Here’s a sample of the ones posted just yesterday.

Portrait of the author as an embittered hack
By Ron Keller
Apparently, Ms. Shepherd doesn’t feel the need to read anything by authors whose work she deems unnecessary, so I hope she will indulge me if I do the same. In light of her recent HuffPo commentary, in which I hear she reveals herself to be a bitter, spiteful, no-talent hack, I would advise her to please free up some of amazon’s pixels and cease writing post haste…

Never read a single word
By S. Alex Martin
Didn’t read this book, but obviously I don’t have to in order to judge it. This author is jealous of more successful people. If you want success, how about you write better books appeal to people?… Now get over yourself and go write more stuff that I won’t read.

Didn’t read this… but DID read the HufPo piece…
By Rog O
I have a 6 year old daughter. If I am fated to do ONE thing for her, may it be to ensure she doesn’t fool herself into thinking this world or anything in it OWES her an iota of success… If I get a chance to do TWO things for my daughter, may the second thing be to teach her not to waste time on envy….
Shame on you Ms. Shepherd and shame on whichever adult gave young Lynn the loser attitude you exhibit.

I don’t need…
By Daniela
to read a book to review it…
This woman should have refrained from writing this book in order to give other books a chance to be read.

By Christine Foley
Terrible story. There are stories so much better for adults to read, that will stimulate their mind.
Haven’t read the book, though.

Read the complete set at the Amazon listing.

The Cuckoos CallingIronically, the flurry of attention and reviews has greatly increased the book’s profile on Amazon, proving the adage there’s no such thing as negative publicity.

Much of the outrage seems to stem from readers’ discovery that Shepherd isn’t simply a columnist with an axe to grind, but a crime writer trying to sell her own novels. Cranky reviewers we’re used to (yes, even ones that don’t bother to read). But if you’re going to throw mud at a popular writer, it helps not to look like a bitterly jealous rival while you’re doing it.

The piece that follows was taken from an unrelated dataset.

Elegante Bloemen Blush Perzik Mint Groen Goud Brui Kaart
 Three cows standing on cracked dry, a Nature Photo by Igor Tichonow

Still, I think Shepherd has well and truly learned her lesson at this point. There haven’t been any additional 1-star reviews posted in some time; perhaps Amazon has stepped in to stop them or perhaps the fan rage has simply spent. (You’re right — I laughed out loud when I wrote that. If there’s a true source of perpetual energy in the universe, it’s fan rage.)

But public shaming like this truthfully isn’t very effective. Yes, part of me enjoyed seeing Lynn Shepherd get her comeuppance in public, and where it matters most. But this isn’t instructive. It’s bullying.

The heart of this vindictive impulse is to teach the victim a lesson. But mostly, what public shaming like this does is teach about the mindless destructiveness of the mob. True instruction comes from dialog. And there’s no dialog here — just lashing out at a writer who made a mistake and is now paying a very steep price for it.

As for me, true instruction seems to come from reading. I think maybe I’ll read The Solitary House. Cause, I dunno, it looked pretty good.

But first, I’m going to read J.K. Rowling’s Cuckoo’s Calling. Because when all of this dust settles, I trust that woman to tell me a helluva story. And she earned that trust the hard way.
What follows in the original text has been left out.